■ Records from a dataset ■
━━━━━━━━━━━━━━━━━━━━
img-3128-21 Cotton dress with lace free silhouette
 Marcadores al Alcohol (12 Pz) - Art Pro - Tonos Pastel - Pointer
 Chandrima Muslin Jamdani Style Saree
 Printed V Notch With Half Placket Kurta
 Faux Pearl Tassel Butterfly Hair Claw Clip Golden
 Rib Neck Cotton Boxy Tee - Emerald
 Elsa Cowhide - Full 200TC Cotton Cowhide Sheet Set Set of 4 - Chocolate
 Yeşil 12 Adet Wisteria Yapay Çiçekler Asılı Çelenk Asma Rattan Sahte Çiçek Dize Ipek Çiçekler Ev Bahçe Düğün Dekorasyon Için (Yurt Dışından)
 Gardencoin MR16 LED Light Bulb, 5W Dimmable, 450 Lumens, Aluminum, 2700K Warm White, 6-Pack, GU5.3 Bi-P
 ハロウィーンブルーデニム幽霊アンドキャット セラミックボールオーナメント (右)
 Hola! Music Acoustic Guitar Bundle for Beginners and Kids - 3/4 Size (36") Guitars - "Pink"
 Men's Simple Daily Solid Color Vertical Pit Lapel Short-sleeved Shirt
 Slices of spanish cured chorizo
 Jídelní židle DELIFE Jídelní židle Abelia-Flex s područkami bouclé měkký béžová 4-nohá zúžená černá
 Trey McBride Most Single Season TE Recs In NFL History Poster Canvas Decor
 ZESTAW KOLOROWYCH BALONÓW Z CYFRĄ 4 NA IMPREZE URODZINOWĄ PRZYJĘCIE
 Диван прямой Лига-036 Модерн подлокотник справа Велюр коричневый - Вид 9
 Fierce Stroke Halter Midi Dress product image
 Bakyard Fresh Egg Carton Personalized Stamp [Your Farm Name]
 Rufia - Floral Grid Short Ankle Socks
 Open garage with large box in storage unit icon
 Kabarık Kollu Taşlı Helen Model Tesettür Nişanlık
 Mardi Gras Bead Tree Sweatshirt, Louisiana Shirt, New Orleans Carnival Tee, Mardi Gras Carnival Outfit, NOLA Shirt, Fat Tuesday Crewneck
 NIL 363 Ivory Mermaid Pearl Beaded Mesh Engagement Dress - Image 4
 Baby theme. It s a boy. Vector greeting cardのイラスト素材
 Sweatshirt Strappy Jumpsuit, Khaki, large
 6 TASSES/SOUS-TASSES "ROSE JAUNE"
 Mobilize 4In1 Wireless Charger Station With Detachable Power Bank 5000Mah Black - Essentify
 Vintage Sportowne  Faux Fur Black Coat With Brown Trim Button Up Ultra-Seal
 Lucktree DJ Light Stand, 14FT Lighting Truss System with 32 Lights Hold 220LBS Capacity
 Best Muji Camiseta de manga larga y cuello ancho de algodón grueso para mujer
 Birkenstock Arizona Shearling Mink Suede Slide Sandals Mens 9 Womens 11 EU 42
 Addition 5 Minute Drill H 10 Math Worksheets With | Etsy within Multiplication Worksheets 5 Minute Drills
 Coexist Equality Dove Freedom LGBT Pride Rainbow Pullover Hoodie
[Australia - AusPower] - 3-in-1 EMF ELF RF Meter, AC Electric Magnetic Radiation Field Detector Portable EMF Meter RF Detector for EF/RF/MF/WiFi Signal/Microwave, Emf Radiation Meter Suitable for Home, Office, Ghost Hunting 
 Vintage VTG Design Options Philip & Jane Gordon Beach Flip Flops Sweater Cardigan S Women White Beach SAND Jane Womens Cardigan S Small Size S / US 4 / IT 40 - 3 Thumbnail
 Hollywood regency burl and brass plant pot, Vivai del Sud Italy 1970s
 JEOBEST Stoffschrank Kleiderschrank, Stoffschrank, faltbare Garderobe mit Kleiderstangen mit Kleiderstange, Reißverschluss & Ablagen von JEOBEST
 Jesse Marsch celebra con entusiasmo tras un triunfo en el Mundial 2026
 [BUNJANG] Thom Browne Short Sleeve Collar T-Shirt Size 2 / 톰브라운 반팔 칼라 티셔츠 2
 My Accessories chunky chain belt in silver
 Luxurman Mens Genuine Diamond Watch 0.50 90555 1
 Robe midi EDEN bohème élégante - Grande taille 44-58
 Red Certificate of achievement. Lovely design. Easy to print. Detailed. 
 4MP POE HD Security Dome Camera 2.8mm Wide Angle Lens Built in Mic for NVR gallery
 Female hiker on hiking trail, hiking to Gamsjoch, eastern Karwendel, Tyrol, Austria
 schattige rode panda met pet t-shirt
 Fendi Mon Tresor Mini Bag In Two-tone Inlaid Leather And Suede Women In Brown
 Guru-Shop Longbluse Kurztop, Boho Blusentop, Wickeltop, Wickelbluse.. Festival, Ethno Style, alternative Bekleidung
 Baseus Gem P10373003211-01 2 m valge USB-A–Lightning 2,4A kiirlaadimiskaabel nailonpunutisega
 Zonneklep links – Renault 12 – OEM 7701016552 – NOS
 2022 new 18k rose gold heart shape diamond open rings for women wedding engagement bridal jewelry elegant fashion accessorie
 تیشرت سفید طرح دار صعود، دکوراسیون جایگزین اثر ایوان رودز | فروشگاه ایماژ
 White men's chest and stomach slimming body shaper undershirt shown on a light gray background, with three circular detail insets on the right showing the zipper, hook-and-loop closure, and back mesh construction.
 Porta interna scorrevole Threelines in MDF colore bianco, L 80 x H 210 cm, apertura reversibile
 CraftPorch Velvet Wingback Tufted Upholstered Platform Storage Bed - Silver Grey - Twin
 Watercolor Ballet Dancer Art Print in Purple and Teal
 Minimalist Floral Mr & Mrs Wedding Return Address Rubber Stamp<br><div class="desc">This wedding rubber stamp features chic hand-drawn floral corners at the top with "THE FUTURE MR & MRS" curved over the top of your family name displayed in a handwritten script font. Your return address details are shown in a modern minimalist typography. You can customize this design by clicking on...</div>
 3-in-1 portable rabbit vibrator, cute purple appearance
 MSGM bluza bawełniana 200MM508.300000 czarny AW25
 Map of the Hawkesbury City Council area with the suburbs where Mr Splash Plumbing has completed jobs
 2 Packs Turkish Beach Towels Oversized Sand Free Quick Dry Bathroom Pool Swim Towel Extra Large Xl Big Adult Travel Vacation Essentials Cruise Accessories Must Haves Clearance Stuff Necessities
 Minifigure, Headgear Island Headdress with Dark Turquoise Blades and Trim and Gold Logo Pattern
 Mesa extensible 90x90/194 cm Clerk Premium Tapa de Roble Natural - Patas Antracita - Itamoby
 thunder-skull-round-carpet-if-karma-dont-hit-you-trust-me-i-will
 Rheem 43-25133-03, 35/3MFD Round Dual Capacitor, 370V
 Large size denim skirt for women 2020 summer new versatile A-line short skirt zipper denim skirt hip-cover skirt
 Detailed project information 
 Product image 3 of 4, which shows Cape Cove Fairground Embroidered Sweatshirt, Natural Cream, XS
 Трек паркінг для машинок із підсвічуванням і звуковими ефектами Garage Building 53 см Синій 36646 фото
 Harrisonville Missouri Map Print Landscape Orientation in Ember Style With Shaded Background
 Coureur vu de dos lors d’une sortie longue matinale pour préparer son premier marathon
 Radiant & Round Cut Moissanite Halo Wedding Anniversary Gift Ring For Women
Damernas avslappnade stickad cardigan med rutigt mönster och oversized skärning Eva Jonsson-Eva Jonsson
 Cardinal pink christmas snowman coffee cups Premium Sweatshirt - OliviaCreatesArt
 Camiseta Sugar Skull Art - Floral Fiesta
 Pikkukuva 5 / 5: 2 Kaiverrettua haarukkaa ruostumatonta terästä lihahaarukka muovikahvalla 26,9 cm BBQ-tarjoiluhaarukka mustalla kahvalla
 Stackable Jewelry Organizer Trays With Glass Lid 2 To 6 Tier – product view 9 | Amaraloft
━━━━━━━━━━━━━━━━━━━━
■ Assignment ■
Print the data in full, with each line exactly as given.

■ Task output ■
img-3128-21 Cotton dress with lace free silhouette
 Marcadores al Alcohol (12 Pz) - Art Pro - Tonos Pastel - Pointer
 Chandrima Muslin Jamdani Style Saree
 Printed V Notch With Half Placket Kurta
 Faux Pearl Tassel Butterfly Hair Claw Clip Golden
 Rib Neck Cotton Boxy Tee - Emerald
 Elsa Cowhide - Full 200TC Cotton Cowhide Sheet Set Set of 4 - Chocolate
 Yeşil 12 Adet Wisteria Yapay Çiçekler Asılı Çelenk Asma Rattan Sahte Çiçek Dize Ipek Çiçekler Ev Bahçe Düğün Dekorasyon Için (Yurt Dışından)
 Gardencoin MR16 LED Light Bulb, 5W Dimmable, 450 Lumens, Aluminum, 2700K Warm White, 6-Pack, GU5.3 Bi-P
 ハロウィーンブルーデニム幽霊アンドキャット セラミックボールオーナメント (右)
 Hola! Music Acoustic Guitar Bundle for Beginners and Kids - 3/4 Size (36") Guitars - "Pink"
 Men's Simple Daily Solid Color Vertical Pit Lapel Short-sleeved Shirt
 Slices of spanish cured chorizo
 Jídelní židle DELIFE Jídelní židle Abelia-Flex s područkami bouclé měkký béžová 4-nohá zúžená černá
 Trey McBride Most Single Season TE Recs In NFL History Poster Canvas Decor
 ZESTAW KOLOROWYCH BALONÓW Z CYFRĄ 4 NA IMPREZE URODZINOWĄ PRZYJĘCIE
 Диван прямой Лига-036 Модерн подлокотник справа Велюр коричневый - Вид 9
 Fierce Stroke Halter Midi Dress product image
 Bakyard Fresh Egg Carton Personalized Stamp [Your Farm Name]
 Rufia - Floral Grid Short Ankle Socks
 Open garage with large box in storage unit icon
 Kabarık Kollu Taşlı Helen Model Tesettür Nişanlık
 Mardi Gras Bead Tree Sweatshirt, Louisiana Shirt, New Orleans Carnival Tee, Mardi Gras Carnival Outfit, NOLA Shirt, Fat Tuesday Crewneck
 NIL 363 Ivory Mermaid Pearl Beaded Mesh Engagement Dress - Image 4
 Baby theme. It s a boy. Vector greeting cardのイラスト素材
 Sweatshirt Strappy Jumpsuit, Khaki, large
 6 TASSES/SOUS-TASSES "ROSE JAUNE"
 Mobilize 4In1 Wireless Charger Station With Detachable Power Bank 5000Mah Black - Essentify
 Vintage Sportowne  Faux Fur Black Coat With Brown Trim Button Up Ultra-Seal
 Lucktree DJ Light Stand, 14FT Lighting Truss System with 32 Lights Hold 220LBS Capacity
 Best Muji Camiseta de manga larga y cuello ancho de algodón grueso para mujer
 Birkenstock Arizona Shearling Mink Suede Slide Sandals Mens 9 Womens 11 EU 42
 Addition 5 Minute Drill H 10 Math Worksheets With | Etsy within Multiplication Worksheets 5 Minute Drills
 Coexist Equality Dove Freedom LGBT Pride Rainbow Pullover Hoodie
[Australia - AusPower] - 3-in-1 EMF ELF RF Meter, AC Electric Magnetic Radiation Field Detector Portable EMF Meter RF Detector for EF/RF/MF/WiFi Signal/Microwave, Emf Radiation Meter Suitable for Home, Office, Ghost Hunting 
 Vintage VTG Design Options Philip & Jane Gordon Beach Flip Flops Sweater Cardigan S Women White Beach SAND Jane Womens Cardigan S Small Size S / US 4 / IT 40 - 3 Thumbnail
 Hollywood regency burl and brass plant pot, Vivai del Sud Italy 1970s
 JEOBEST Stoffschrank Kleiderschrank, Stoffschrank, faltbare Garderobe mit Kleiderstangen mit Kleiderstange, Reißverschluss & Ablagen von JEOBEST
 Jesse Marsch celebra con entusiasmo tras un triunfo en el Mundial 2026
 [BUNJANG] Thom Browne Short Sleeve Collar T-Shirt Size 2 / 톰브라운 반팔 칼라 티셔츠 2
 My Accessories chunky chain belt in silver
 Luxurman Mens Genuine Diamond Watch 0.50 90555 1
 Robe midi EDEN bohème élégante - Grande taille 44-58
 Red Certificate of achievement. Lovely design. Easy to print. Detailed. 
 4MP POE HD Security Dome Camera 2.8mm Wide Angle Lens Built in Mic for NVR gallery
 Female hiker on hiking trail, hiking to Gamsjoch, eastern Karwendel, Tyrol, Austria
 schattige rode panda met pet t-shirt
 Fendi Mon Tresor Mini Bag In Two-tone Inlaid Leather And Suede Women In Brown
 Guru-Shop Longbluse Kurztop, Boho Blusentop, Wickeltop, Wickelbluse.. Festival, Ethno Style, alternative Bekleidung
 Baseus Gem P10373003211-01 2 m valge USB-A–Lightning 2,4A kiirlaadimiskaabel nailonpunutisega
 Zonneklep links – Renault 12 – OEM 7701016552 – NOS
 2022 new 18k rose gold heart shape diamond open rings for women wedding engagement bridal jewelry elegant fashion accessorie
 تیشرت سفید طرح دار صعود، دکوراسیون جایگزین اثر ایوان رودز | فروشگاه ایماژ
 White men's chest and stomach slimming body shaper undershirt shown on a light gray background, with three circular detail insets on the right showing the zipper, hook-and-loop closure, and back mesh construction.
 Porta interna scorrevole Threelines in MDF colore bianco, L 80 x H 210 cm, apertura reversibile
 CraftPorch Velvet Wingback Tufted Upholstered Platform Storage Bed - Silver Grey - Twin
 Watercolor Ballet Dancer Art Print in Purple and Teal
 Minimalist Floral Mr & Mrs Wedding Return Address Rubber Stamp<br><div class="desc">This wedding rubber stamp features chic hand-drawn floral corners at the top with "THE FUTURE MR & MRS" curved over the top of your family name displayed in a handwritten script font. Your return address details are shown in a modern minimalist typography. You can customize this design by clicking on...</div>
 3-in-1 portable rabbit vibrator, cute purple appearance
 MSGM bluza bawełniana 200MM508.300000 czarny AW25
 Map of the Hawkesbury City Council area with the suburbs where Mr Splash Plumbing has completed jobs
 2 Packs Turkish Beach Towels Oversized Sand Free Quick Dry Bathroom Pool Swim Towel Extra Large Xl Big Adult Travel Vacation Essentials Cruise Accessories Must Haves Clearance Stuff Necessities
 Minifigure, Headgear Island Headdress with Dark Turquoise Blades and Trim and Gold Logo Pattern
 Mesa extensible 90x90/194 cm Clerk Premium Tapa de Roble Natural - Patas Antracita - Itamoby
 thunder-skull-round-carpet-if-karma-dont-hit-you-trust-me-i-will
 Rheem 43-25133-03, 35/3MFD Round Dual Capacitor, 370V
 Large size denim skirt for women 2020 summer new versatile A-line short skirt zipper denim skirt hip-cover skirt
 Detailed project information 
 Product image 3 of 4, which shows Cape Cove Fairground Embroidered Sweatshirt, Natural Cream, XS
 Трек паркінг для машинок із підсвічуванням і звуковими ефектами Garage Building 53 см Синій 36646 фото
 Harrisonville Missouri Map Print Landscape Orientation in Ember Style With Shaded Background
 Coureur vu de dos lors d’une sortie longue matinale pour préparer son premier marathon
 Radiant & Round Cut Moissanite Halo Wedding Anniversary Gift Ring For Women
Damernas avslappnade stickad cardigan med rutigt mönster och oversized skärning Eva Jonsson-Eva Jonsson
 Cardinal pink christmas snowman coffee cups Premium Sweatshirt - OliviaCreatesArt
 Camiseta Sugar Skull Art - Floral Fiesta
 Pikkukuva 5 / 5: 2 Kaiverrettua haarukkaa ruostumatonta terästä lihahaarukka muovikahvalla 26,9 cm BBQ-tarjoiluhaarukka mustalla kahvalla
 Stackable Jewelry Organizer Trays With Glass Lid 2 To 6 Tier – product view 9 | Amaraloft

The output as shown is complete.